## Task brief
Dropping every picture, set down exactly the lines in the entries below, starting with the line with "KOMMENTAARIDETA: Kelvingi bussipeatus" and going on through the line with "ตู้เสื้อผ้าอลูมิเนียม เตี้ย".
___ Data to process
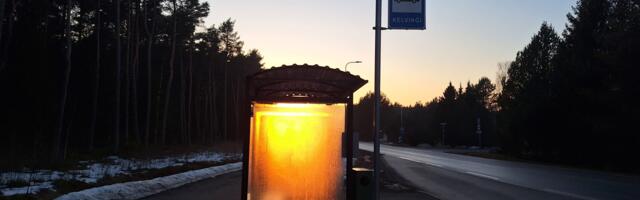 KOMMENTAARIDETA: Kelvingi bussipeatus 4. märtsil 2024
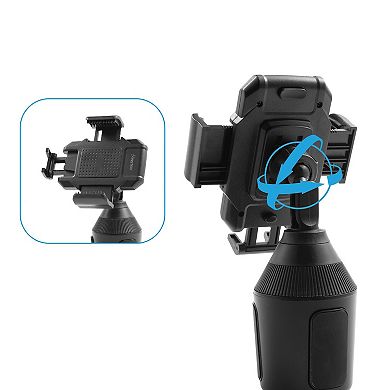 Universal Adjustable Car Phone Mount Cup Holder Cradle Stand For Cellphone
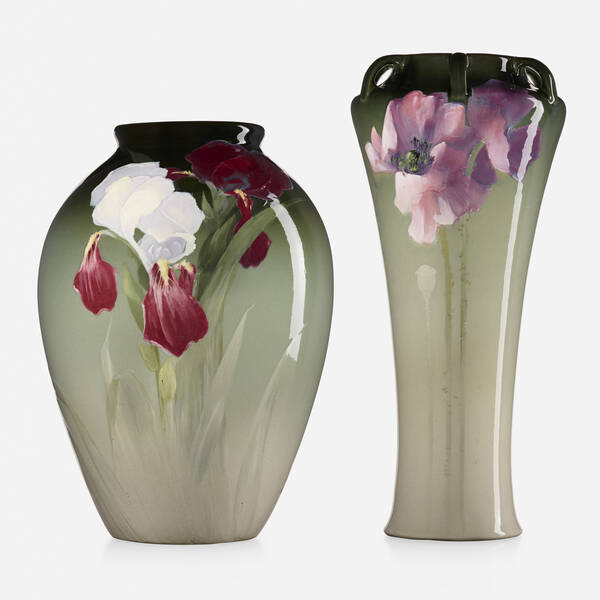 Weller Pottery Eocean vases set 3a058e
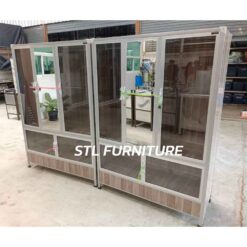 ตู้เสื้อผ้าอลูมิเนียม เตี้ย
______
___ Data to process
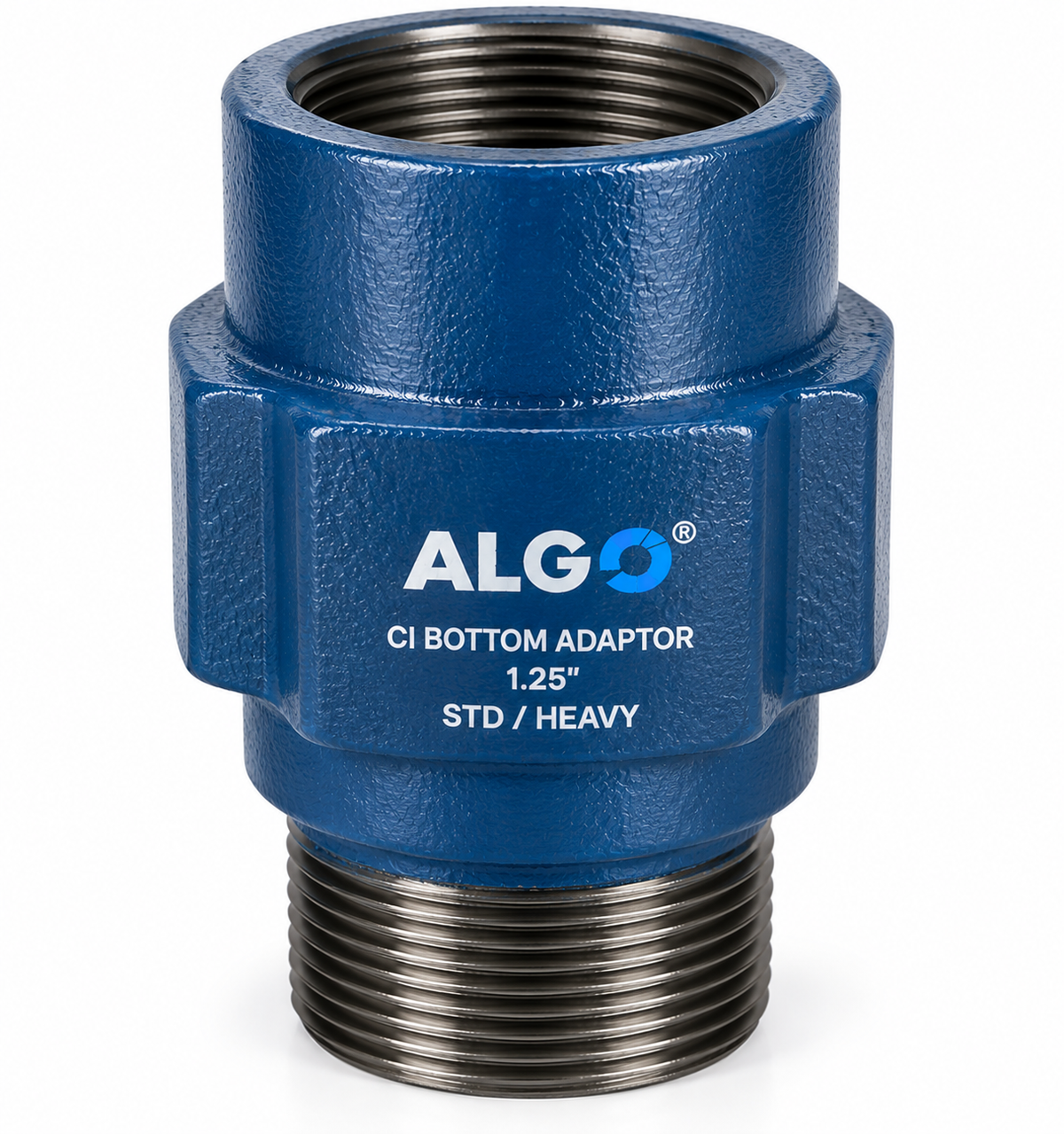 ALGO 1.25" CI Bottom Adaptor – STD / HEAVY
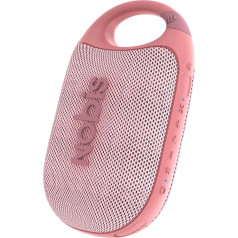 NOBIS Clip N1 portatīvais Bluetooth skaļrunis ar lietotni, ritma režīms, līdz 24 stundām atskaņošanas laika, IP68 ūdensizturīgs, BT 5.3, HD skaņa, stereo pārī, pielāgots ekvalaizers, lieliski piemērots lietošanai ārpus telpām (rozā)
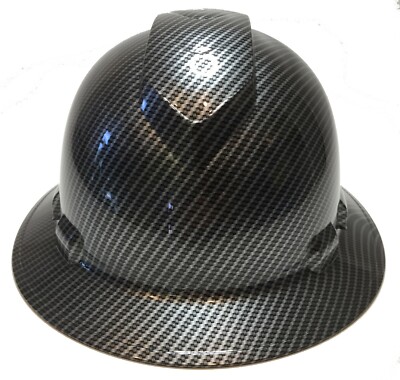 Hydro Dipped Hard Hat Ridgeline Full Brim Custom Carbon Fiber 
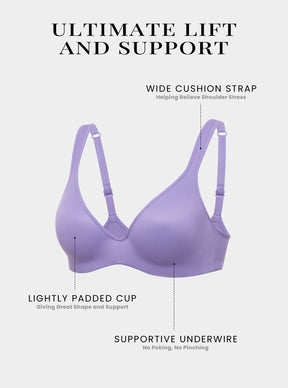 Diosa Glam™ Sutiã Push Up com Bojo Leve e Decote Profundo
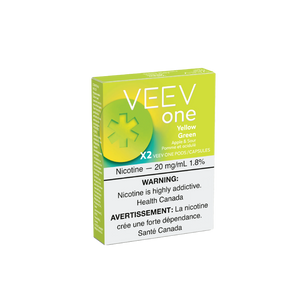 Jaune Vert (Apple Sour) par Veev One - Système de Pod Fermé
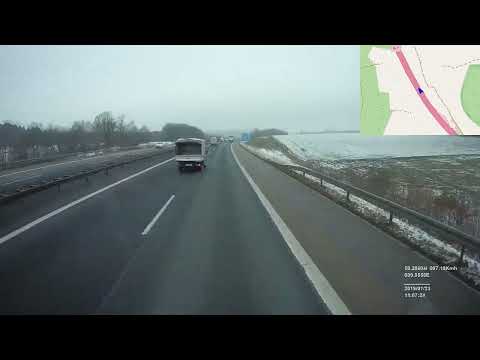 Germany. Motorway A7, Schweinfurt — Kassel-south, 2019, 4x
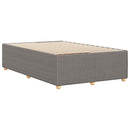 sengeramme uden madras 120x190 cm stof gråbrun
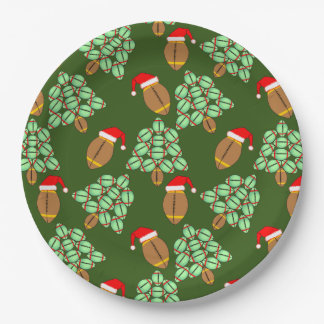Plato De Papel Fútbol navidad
______
## The answer
 KOMMENTAARIDETA: Kelvingi bussipeatus 4. märtsil 2024
 Universal Adjustable Car Phone Mount Cup Holder Cradle Stand For Cellphone
 Weller Pottery Eocean vases set 3a058e
 ตู้เสื้อผ้าอลูมิเนียม เตี้ย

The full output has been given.